**Source data:**
↓
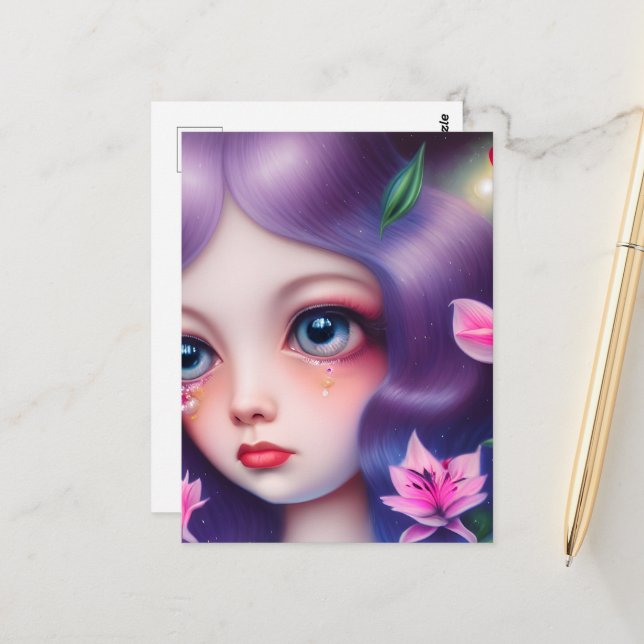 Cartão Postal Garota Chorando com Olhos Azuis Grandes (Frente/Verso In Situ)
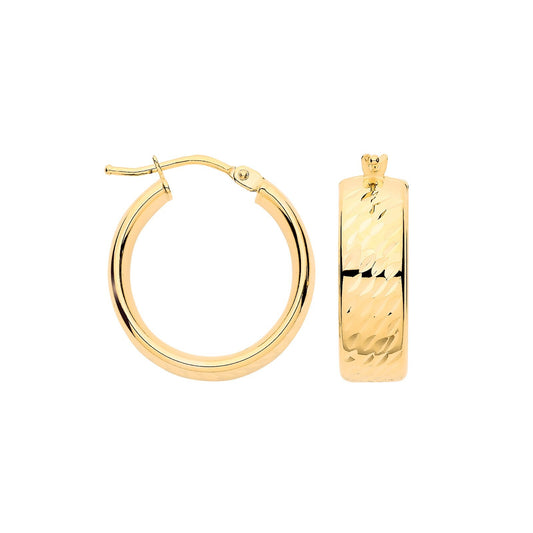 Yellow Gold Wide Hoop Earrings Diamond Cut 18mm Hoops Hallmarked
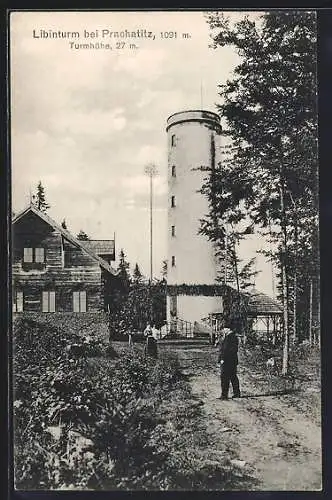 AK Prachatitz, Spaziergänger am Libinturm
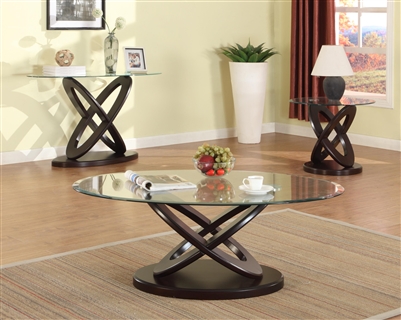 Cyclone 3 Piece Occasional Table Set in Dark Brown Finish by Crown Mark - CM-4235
↑
↓
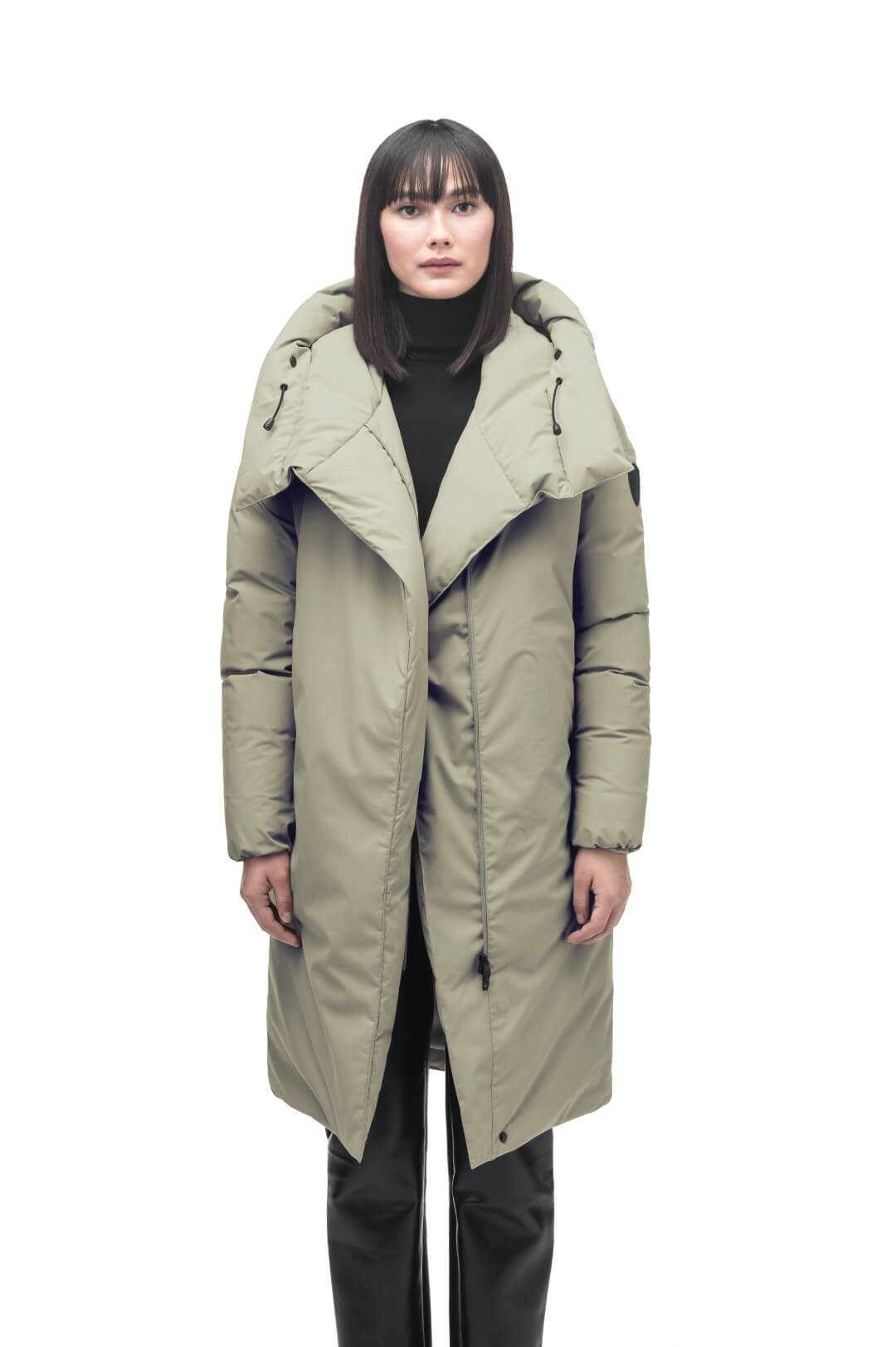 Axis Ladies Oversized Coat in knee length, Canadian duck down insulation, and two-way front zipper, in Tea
↑
**Exercise brief:** Only one stretch of the entries above is needed: the lines from the one containing "Yellow Gold Wide" through the one containing "Cyclone 3 Piece". Copy it exactly, without the pictures.

**Task answer:**
 Yellow Gold Wide Hoop Earrings Diamond Cut 18mm Hoops Hallmarked
 AK Prachatitz, Spaziergänger am Libinturm
 Cyclone 3 Piece Occasional Table Set in Dark Brown Finish by Crown Mark - CM-4235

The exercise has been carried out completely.